This is the third in a three part series of our recommendations for preventing spindle damage and associated downtime. Last week we spoke about damage incurred when a spindle crashes. Prior to that we considered spindle failures that result at commissioning. This week we will look at the single biggest cause of premature spindle failure, contamination.

Spindle repair is very costly both in direct cash outlays as well as degradation of product quality and eventual loss of production. As one of the leading independent spindle repair shops we have seen a broad spectrum of preventable damage in our 26+ years of experience. So it is our hope that by sharing some of the failure modes that we’ve seen we can spare you the pain of a damaged spindle.

We will offer our insight from a repair shop point of view and invite you to send in any comments, anecdotes or corrections.

Contamination

The most common cause of spindle failure that we encounter is a result of contamination. This shouldn’t be surprising. High speed spindles are particularly susceptible to contamination. They live in an environment where they are constantly immersed in cutting fluid, metal chips, grinding dust, stone dust, saw dust and other forms of grime. They most often operate at speeds that prohibit positive shaft seals such as lip seals. So it is no wonder that contamination related failures are prevalent. But even operating in these conditions there are simple steps that can help mitigate contamination caused failures.

Labyrinth Seals

Labyrinth seals off of a CMS Router spindle.

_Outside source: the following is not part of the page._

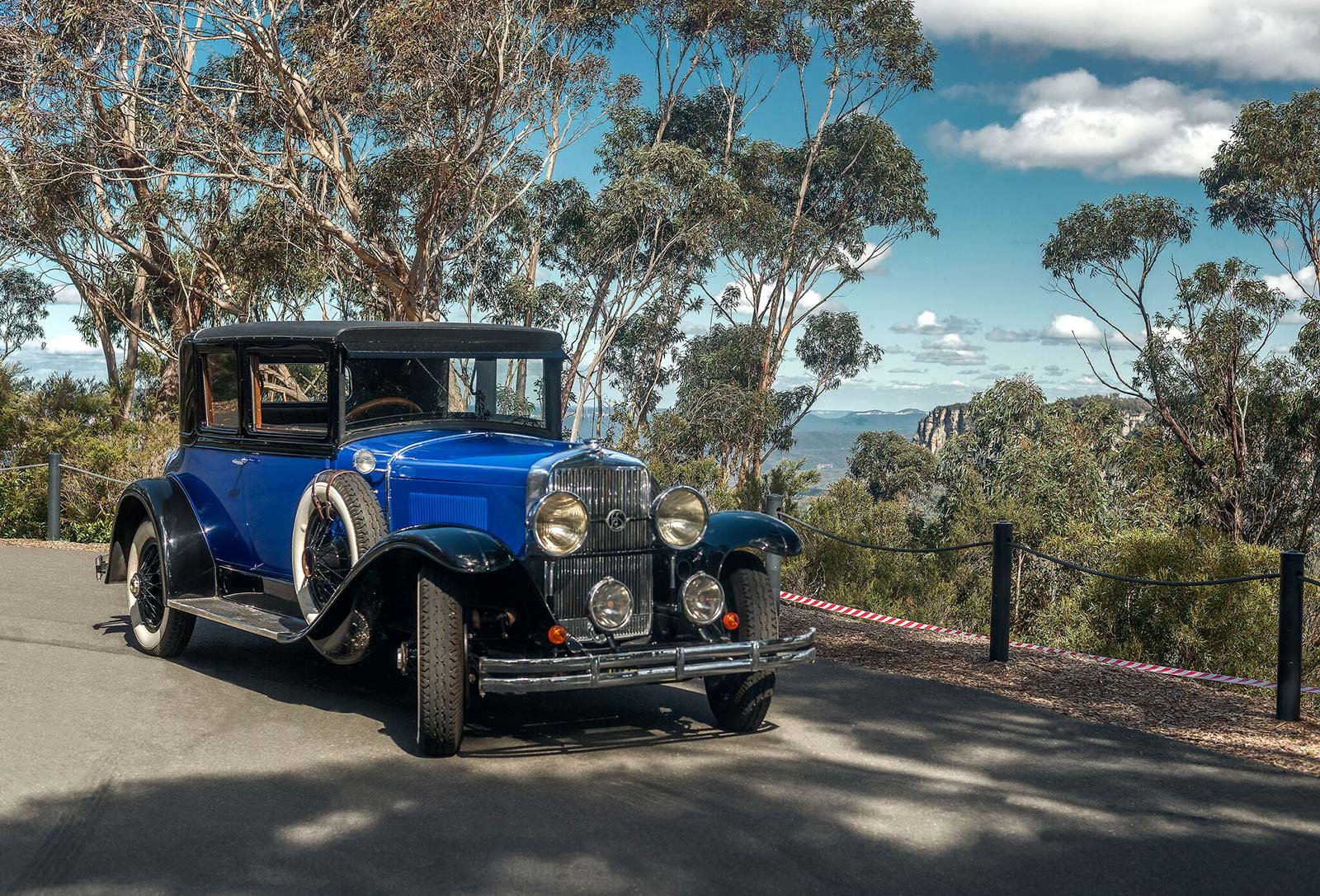 Two hour Blue Mountains Tour in a Luxury Vintage 1929 Cadillac LaSalle, the Limousine of 1920's.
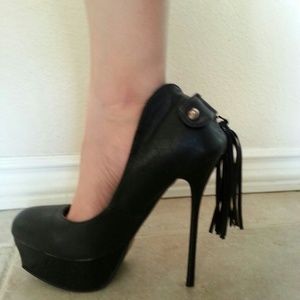 Amazingly sexy platform heels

High speed spindles incorporate several different methods to keep out contamination. Labyrinth seals are the most common. These seals rely on a close fitting convoluted path to keep contamination from reaching the interior of the spindle. However, due to their high rotational speeds these seals are non-contact and so leave an ingression path for contaminates.

Besides the convoluted close tolerance fit, these seals also rely on the high speed shaft rotation to sling off the contaminate. However, when the spindle is stopped liquid can freely seep through these seals. In fact, the close fit aids wicking of contaminated cutting fluid into the interior of the spindle. Additionally, with some multi-axis milling machines, the spindle body can rotate to the point where the work head is pointing up further aiding the migration of liquid contamination to the spindle interior.

When stopping a spindle that employs a labyrinth seal it is important to stop all cutting fluid flow prior to stopping spindle rotation. Keep the spindle running for several minutes after stopping the tool coolant so the shaft can sling away and residual liquid. Additionally, cutting chips or grinding slurry that buildup around the shaft will greatly increase the likelihood of contamination migrating through the seals. Whenever possible clear all debris buildup from around the shaft prior to stopping rotation.

Air Knifes

New air knife seal on a CMS Brembana stone cutting spindle.

Air knives are another method often employed to prevent contamination from getting in the spindle; often in combination with labyrinth seals. These rely on constant air flow through a thin space between the stationary seal and the rotating shaft. They provide positive air pressure to the spindle interior preventing contamination ingression and typically work quite well.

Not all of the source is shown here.